An orange sunset over white sands
Photo by John Fowler (unsplash.com)

Rolling Vistas of Sand

Most of my childhood memories seem to be surrounded by a glowing haze of antiquity, as if those days exist as little more than fragments of something that never actually happened. Was I ever so small that I could actually lie down on carpeted steps and take a snooze? Did Todd and I really throw ourselves from the top of the banister and land in his entryway unscathed? Were our bones made of rubber?

Growing up, I played a lot in the sandbox. My friends played there, too. It was something of a special privilege in my mind. Certain friends would ask about it with awe and reverence, and I’d politely but lamely offer an excuse as to why they couldn’t play in it. I had yet to acquire the blunt audacity to tell them that they were unworthy. Only a select few could trespass on those hallowed grounds.

Today, I worked on some bricks in my mom’s garden. Bricks I laid a couple of summers ago. Bricks that moles had tunneled beneath, undoing the carefully leveled dirt, gravel, and sand that kept them in place. So, I trekked out to the edge of the backyard with a bucket and shovel and scooped up some sand from my brother’s old play area. He never knew the sandbox from our previous home like I did. His sandbox was merely a shadow of former glory, a phantom of what could have been.

As I removed the bricks and attempted to smooth out the ground beneath, I found myself playing in the sand once more. Twenty-two years of age and I was playing in the sand! Granted, I had a job to do, and I did it accordingly, but something about it made me yearn for the days of old. Back when the only interruptions to playtime were either lunch or the bathroom. Peanut butter and jelly sandwiches. Selling Kool-Aid for ten cents a cup. Hockey in the streets. Endless summer days that stretched into eternity, the birthplace of creativity and wonder. A blissful time of youthful discovery.

Those days are long gone. I think they could have only happened during that part of my life when I was carefree and aloof.
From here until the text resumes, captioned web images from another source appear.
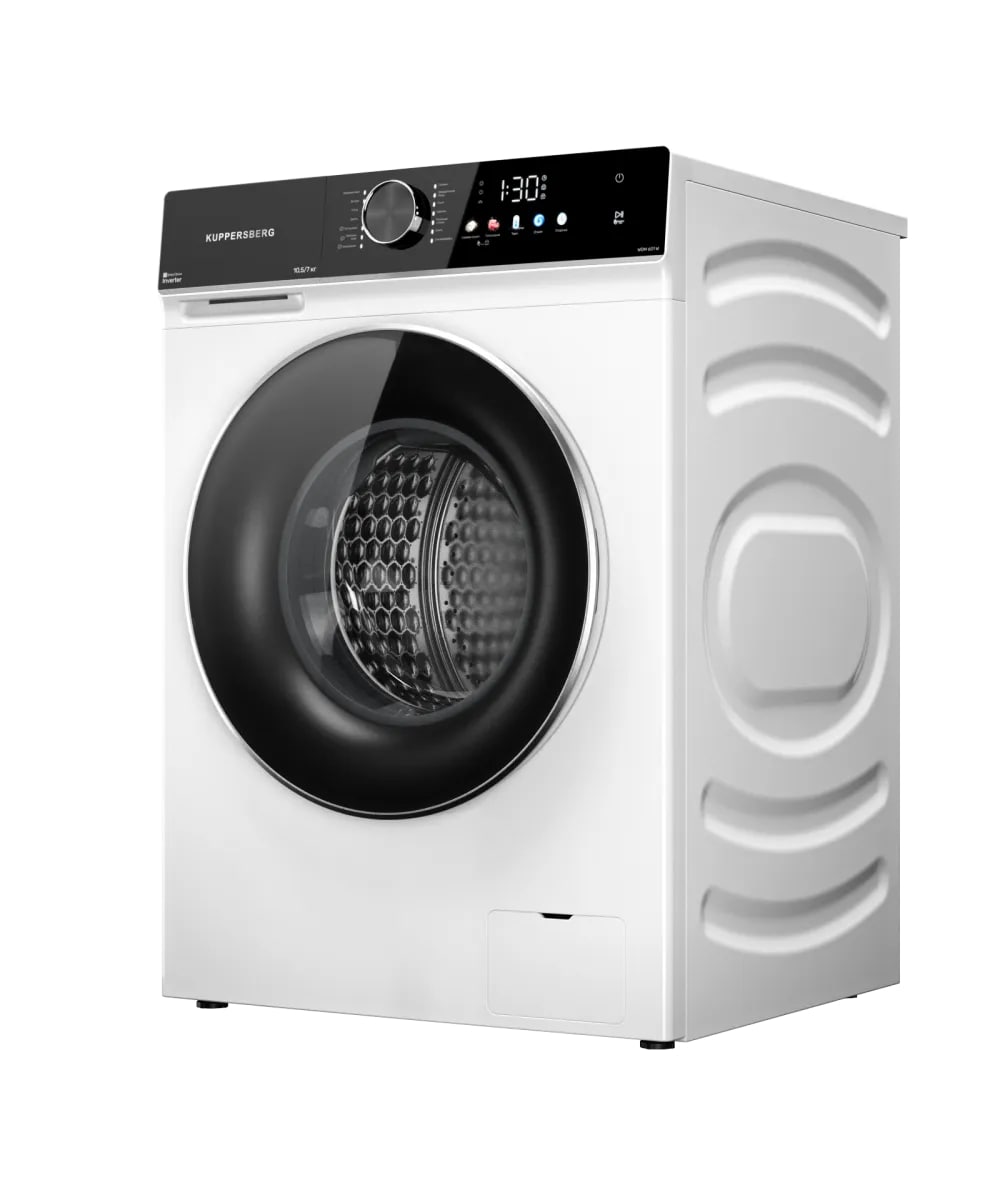 картинка Стиральная машина с сушкой Kuppersberg WDM 601 W  картинка Стиральная машина с сушкой Kuppersberg WDM 601 W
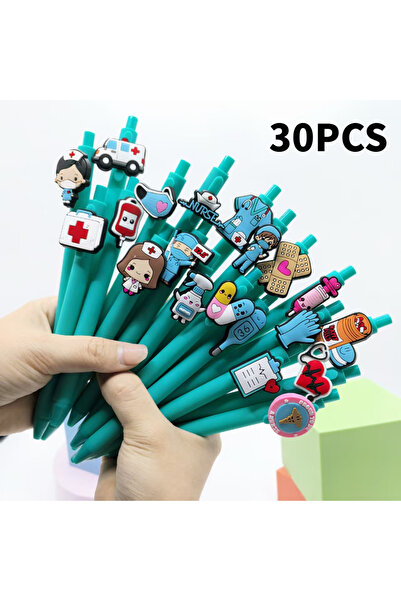 Choice 30 قلمًا طبيًا (20/30 قطعة)، قلم حبر جاف للكتابة للممرضات والأطباء، قل...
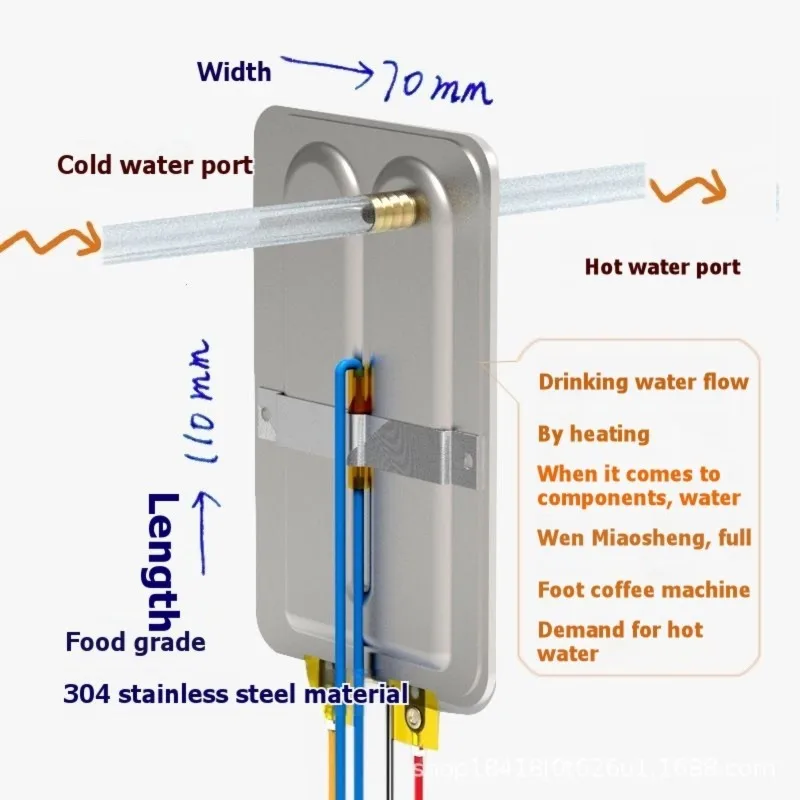 

【ESSENTIALS】Кофемашина мощностью 1000 Вт с мгновенным нагревом, система быстрого нагрева воды для мелкой бытовой техники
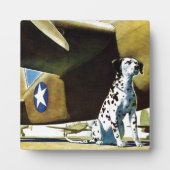 Army Dog Fotoplatte (Vorderseite)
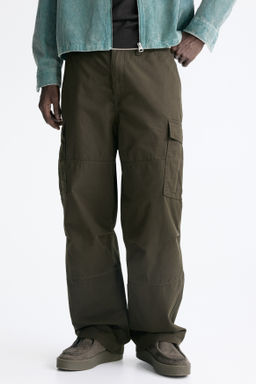 Pantal?n cargo de algod?n Relaxed Fit - H&m фото 8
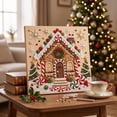 thumbnail image 3 of Pearl Kit, Christmas Wooden House Pearl Painting Kit with Frame, 3D Pearl Diamond Art Craft for Adults & Beginners, DIY Diamond Art Kits with Frame, Christmas Wall Art Decor Gift, 7.87in, 3 of 8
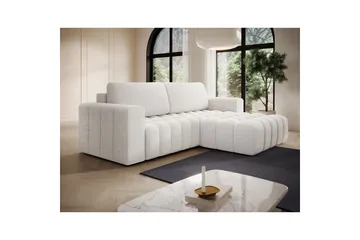 Sektionssoffa Eltap Bonett 250x175x92 cm - Jaffray 01, Vit, Höger - Möbler - Soffa - Bäddsoffa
When my biggest concern was which action figure to pick out at Toys R Us. When wearing sandals with socks didn’t matter. When my little head was no more than an unrestrained, flailing mop of white-blonde hair. When girls were a strange and altogether cootie-infested bunch of giggling nincompoops.

After finishing the bricks, I washed my hands. I hadn’t noticed while working, but the sand and bricks had worn against my fingers. The moisture was nearly gone. What looked liked soap shavings or specks of sawdust were actually shredded bits of torn flesh. Dirt lined the undersides of my fingernails. My hands had borne the brunt of my labor. The scraping, lifting, nudging, and squashing went largely unnoticed. Was it possible? Had I somehow let go of my worries and concerns for long enough to enjoy what I was doing? I got lost in the moment. Some fragment of that childhood magic allowed me to forget and escape. It was both meaningful and worrisome.

If I can draw any conclusions from this experience, it would be these: we live vigorously as children, oblivious and without much worry. Our responsibilities are few. We get hurt a lot but often fail to notice. We’re immature and incapable of thinking outside of our own world, of addressing problems beyond ourselves and things of greater consequence.

As much as I yearn for what is past, the past must remain past. Children may have more fun, but it’s a selfish and self-centered kind of fun. It’s one-dimensional and narrow in scope. How many relationships do you have with people from your childhood? I can’t say I have many, and those that I do have are almost exclusively limited to times of reminiscing. We don’t make a lot of new memories together. At the time that those friendships were forged, neither of us was looking for admirable qualities in the other. In most cases, our parents threw us together while they socialized and we made due with what we had.

When you’re a kid, it’s great to be a kid. But when you grow up, it’s time to stop being a kid. That doesn’t mean you have to live an uptight, stuffy, boring existence. It doesn’t mean you can’t laugh, have fun, or enjoy another person’s company. What it does mean is that you accept responsibility:

When I was a child, I spoke as a child, I understood as a child, I thought as a child did: but when I became a man, I put away childish things.

1 Corinthians 13:11

Perhaps it’s time I put the lid back on the sandbox.